St Colman's Community College is a second-level school located in Midleton, County Cork, Ireland.

As of 2024, there were over 1000 students in St Colman's Community College. The school's facilities include general classrooms, a music room, five woodwork and three engineering rooms, three technical graphics rooms, four home economics kitchens, eight science rooms, three computer rooms, two art rooms and a "Learning Hub". The sports facilities include two sports halls, basketball courts, and a GAA pitch. The school participates in projects such as Sci-Fest, PsychSlam, Model UN Green Schools, Clean Coasts, An Gaisce Award and The Amber Group.

The principal is Máirín Lally. The school is a member of Cork Education Training Board CETB.

== History ==
St Colman's Community College was originally established in Connolly Street, Midleton in 1953, and remained in that location for thirty years.
In 1980, St Colman's moved to a purpose-built complex on landscaped grounds on the Youghal Road. This move coincided with increasing participation in second-level education in Ireland and as numbers grew further accommodation was required.
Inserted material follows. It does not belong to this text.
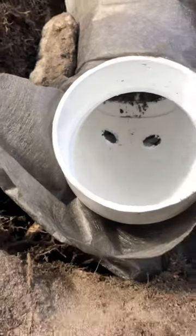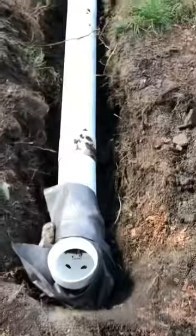That way, when the water can no longer come up, it drains back into the ground. Now to backfill and show you how it all works.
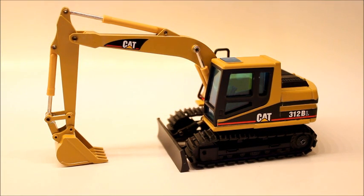This will be a review of the NZG CAT 312BO. This model has been discontinued for quite some time now, but for some reason a lot of retailers and private sellers, especially on eBay, have this model. I bought this one at 3000 Toys for $47, and it's a really great deal.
In 1988, a large extension was added which included a PE hall, new science laboratories, technology rooms, additional facilities for home economics and a number of additional classrooms.

In January 2020, a further large extension to the school was opened, consisting of 15 general classrooms, a music room, a home economics room, 3 computer rooms, 2 computer drawing rooms, 2 art rooms, a language room, a "Learning Hub", an engineering block and a sports hall. An additional extension was opened in January 2024.

== Curriculum ==
The school offers both the Junior and Senior cycles. Junior Cycle students can follow either the Junior Cycle, Junior Cert Schools programme, or Junior Cert Level 2. Senior Cycle students can follow the Leaving Certificate, Leaving Certificate Vocational or Leaving Certificate Applied programmes.